当面する時期、実践的な面で、ドイツにおけるスターリニスト組織とわれわれとの関係はどうなるだろうか? 当然ながら、同志たちが最も関心を持つのはこの問題である。反対者たちはたずねる、旧党の地方組織とも手を切らなければならないのか、と。いや、それは愚かしいことだろう。あらゆる労働者組織の中から、とりわけ旧党の細胞から(それらが存在するかぎりにおいてだが)、革命家を集める必要がある。第3インターナショナルが第2インターナショナルとの完全な分裂を宣言したときも、このことは共産主義者がかなり長期にわたって社会民主主義諸党の内部で活動するのを妨げなかったばかりか、フランスの党の多数派をその機関紙『ユマニテ』とともに獲得するのを可能にさえした。新党に向かうわれわれの路線はなおのこと、旧党の細胞内においてわれわれが活動を継続するのを妨げることはありえないし、妨げてはならない。
だが、われわれに次のように言って反論する人がいる。新党のスローガンそのものが下部の共産党員をわれわれに対立させる、と。もちろん、このことが理由で、衝突が生じることはある。しかしこれまでも「改革」のスローガンにもかかわらず、そういうことはあった。

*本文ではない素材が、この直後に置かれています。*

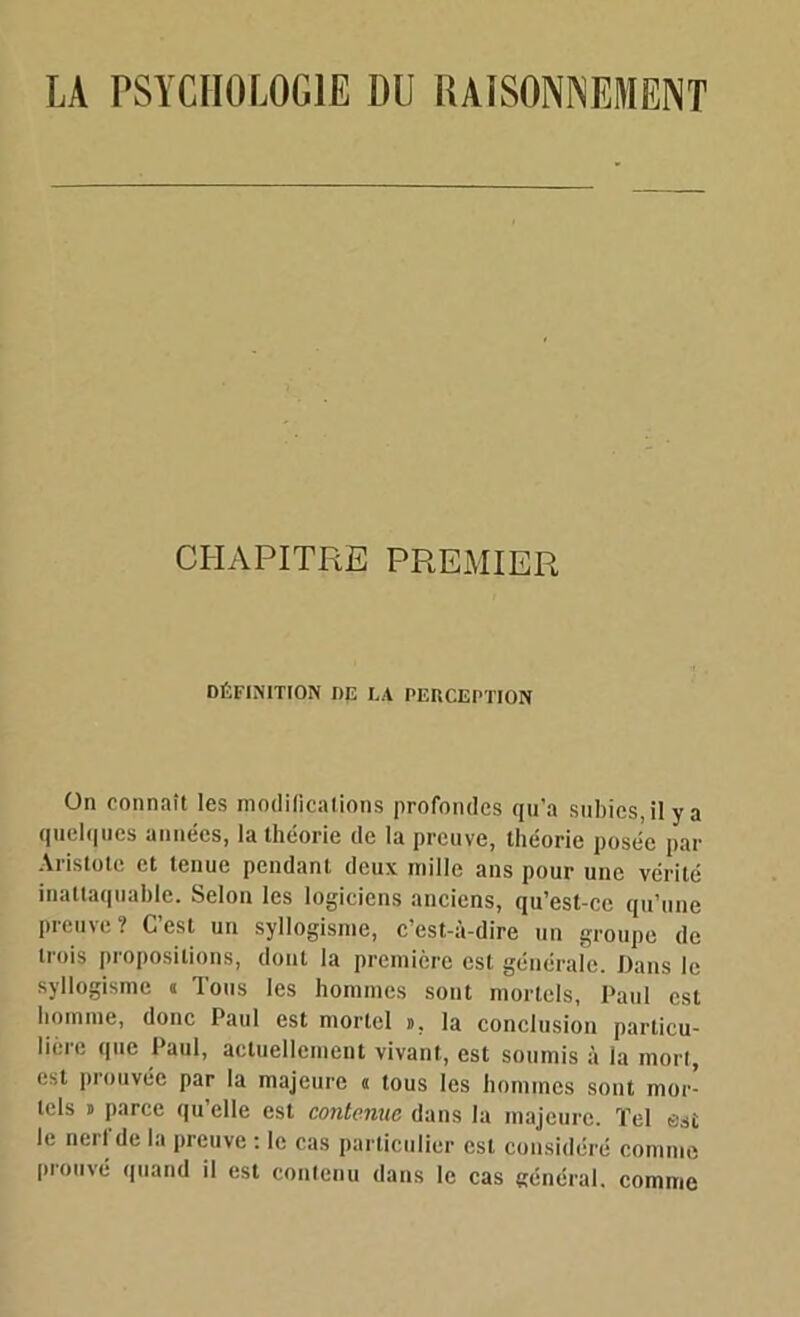 CHAPITRE PREMIER DÉFINITION DK LA PERCEPTION ün connaît les modifications profondes qu’a subies, il y a quelques années, la théorie de la preuve, théorie posée par Aristote et tenue pendant deux mille ans pour une vérité inattaquable. Selon les logiciens anciens, qu’est-ce qu’une preuve ? C’est un syllogisme, c’est-à-dire un groupe de trois propositions, dont la première est générale. Dans le syllogisme a Tous les hommes sont mortels, Paul est homme, donc Paul est mortel », la conclusion particu- lière que Paul, actuellement vivant, est soumis à la mort, est prouvée par la majeure a tous les hommes sont mor- tels » parce qu’elle est contenue dans la majeure. Tel est le nerl de la preuve : le cas particulier est considéré comme prouvé quand il est conteuu dans le cas général, comme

とはいえ、旧党の活動的細胞の生活においては、われわれの新たな展望に関する問題以上に、彼ら自身の中央委員会との関係に多くの時間が割かれるであろうことは疑いない。この点で、衝突がますます先鋭化すると考えられる。中央委員会はスターリンと自己自身を防衛する。これが彼らの主たる任務である。労働者党員は誠実な回答と明確な展望を要求する。われわれが改革の立場をとっていたとき、規律に違反するようなことを呼びかけはしなかった。今や状況は根本的に変化した。われわれは、無価値な公式文献の配布を拒否することや、機構のボイコット、中央委員会との決裂などを提案するだろう。もちろん、われわれは、個々の細胞の水準や状況全体を考慮しつつ、如才なく賢明にこれを行なうだろう。しかしわれわれの基本路線は新党の路線である。そして、このような路線にもかかわらず、革命的な党細胞とわれわれとの関係は、非合法という新しい状況のもとで、われわれが単なる分派であることを望んでいたこれまでの時期よりも比較にならないくらい友好的になるだろう。このことは疑いない。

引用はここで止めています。